Same Old Song and Dance
One thing that causes endless aggravation for early-stage B2B revenue leaders is deal reviews with their sales reps. Whenever these meetings take place, one thing is typically guaranteed to happen: the leader walks away having heard a lot of words but not getting a lot of answers about deals: are they going to close, when, how confident is the rep, what are the next steps, does the rep need help…? Not getting answers doesn’t exactly spark confidence.
A big part of the problem is that these calls are too conversational and unstructured. When offered up 30 mins to “talk about their deals”, many sales reps do what many sales reps do: they show up and throw up. Meaning that they talk about every conversation, email, and call they’ve ever completed with a prospect, tossed around with a heavy dose of anecdotes and rose-colored predictions. This leaves revenue leaders longing for a little less conversation and a little more action.
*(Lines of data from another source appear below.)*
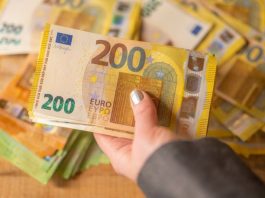 Novac stiže za 4 znaka: Evo ko će dobiti pare do 8. avgusta Novac stiže za 4 znaka: Evo ko će dobiti pare do 8. avgusta - featured image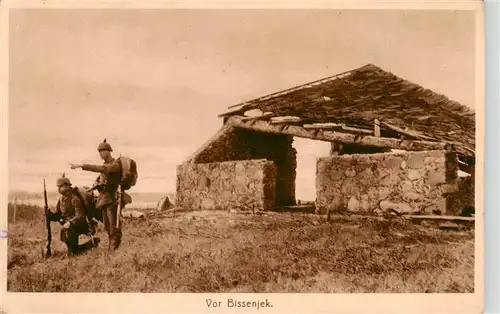 AK / Ansichtskarte 73934394 Bissenjek_Kurland_Latvia Soldaten Bunker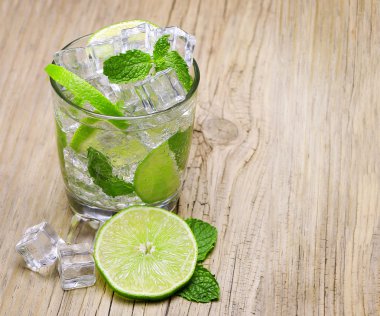 Mojito cam eski ahşap zemin üzerine nane ile kokteyl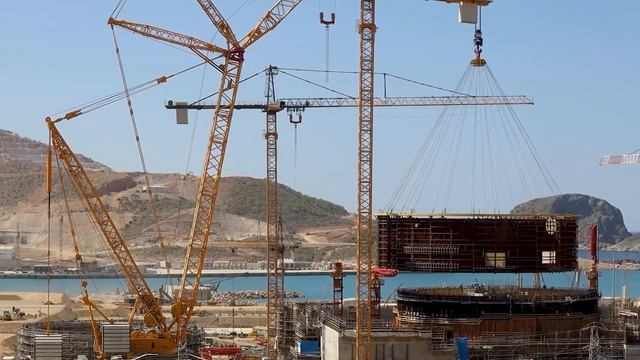 Монтаж внутренней защитной оболочки на АЭС «Аккую» | Турция смотреть онлайн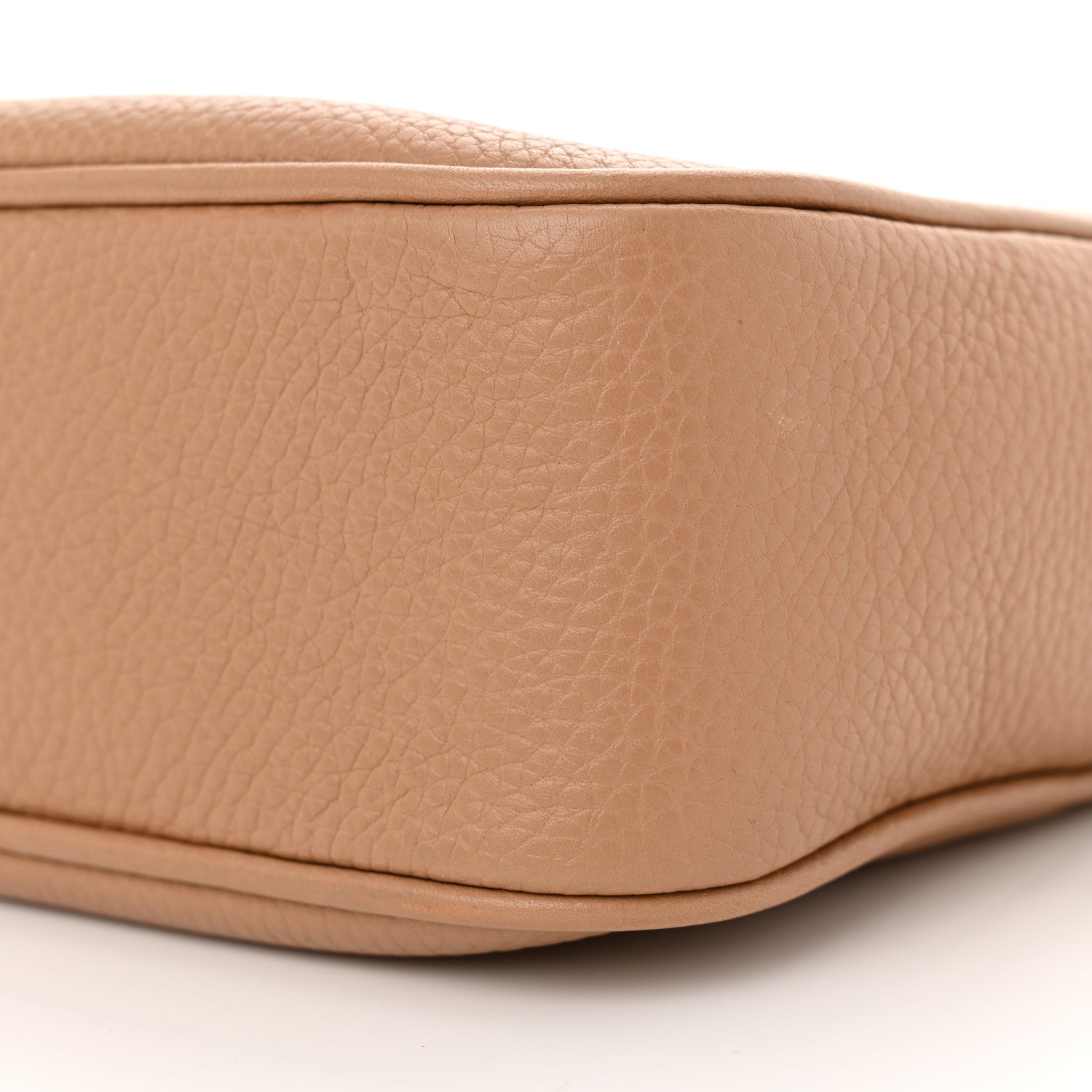 Gucci Pebbled Calfskin Small Soho Disco Bag Camelia 10 of 16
Deal reviews need to occur, and they need to be meaningful for the leader and the rep. To get a little less bark and a little more bite out of them, the discussion should center on movement: of a rep’s active deals, which ones were created, which ones advanced, and which ones closed or are close to closing? Leaders typically know about Closed Won deals, and often about those that are about to close (especially the bigger ones). But they’re less likely to know about ones that are newer to the pipeline. Those deals, if nurtured correctly over time, could become wins.
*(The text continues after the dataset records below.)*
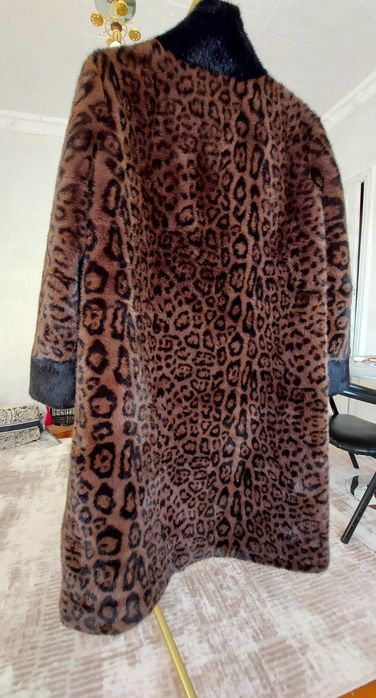 Продам Шубу Эконорка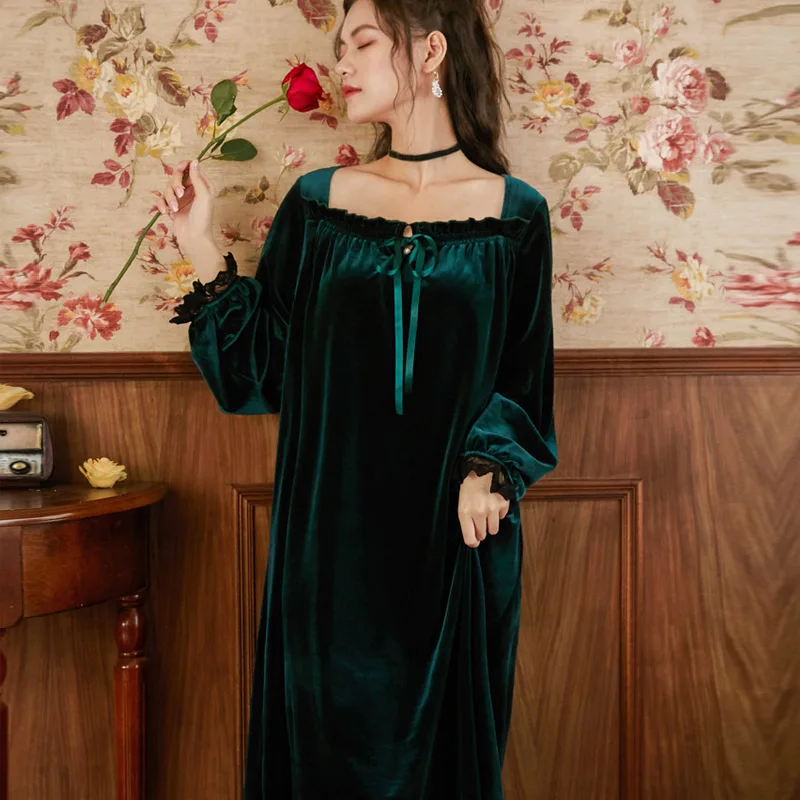 Green Velvet Nightdress Princess Night Dress Woman Sleepwear Long Women\'s Dresses 2021 Winter Clothing Female Phoentin FG262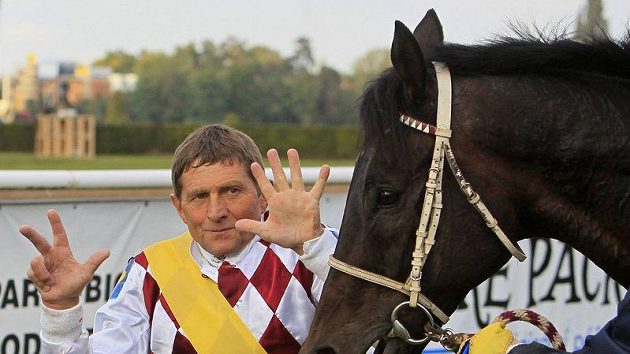 Žokej Josef Váňa se raduje z osmého triumfu na Velké pardubické. Žokej Josef Váňa se raduje z osmého triumfu na Velké pardubické.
A Change Would Do You Good
Tired of talking about deals without results? Don’t procrastinate or articulate. Try this instead:
- Weekly Cadence: Meet once a week. Regardless of how many deals there are or the average deal cycle length, meeting once per week keeps the emphasis on results and movement. It also gives reps enough time to do the activities (calls, emails, virtual meetings, site visits, conferences, etc.) that lead to deal movement.
- Expectations: In addition to defining the verifiable outcomes that identify the correct deal stage, set clear expectations for what you expect in the meeting. When the meeting ends, what information needs to be exchanged between leader and rep.
- Format: Use the same format each time, and let the agenda drive the meeting so you don’t get off track. The best I’ve seen comes from Mike Weinberg’s Accountability Meeting agenda.
- Movement: Keep the focus on what’s moved…and what hasn’t. Stalled deals (age, pushes) might be ready for the Closed Lost pile or may simply need some direction or help from leadership. Use this time to figure out which.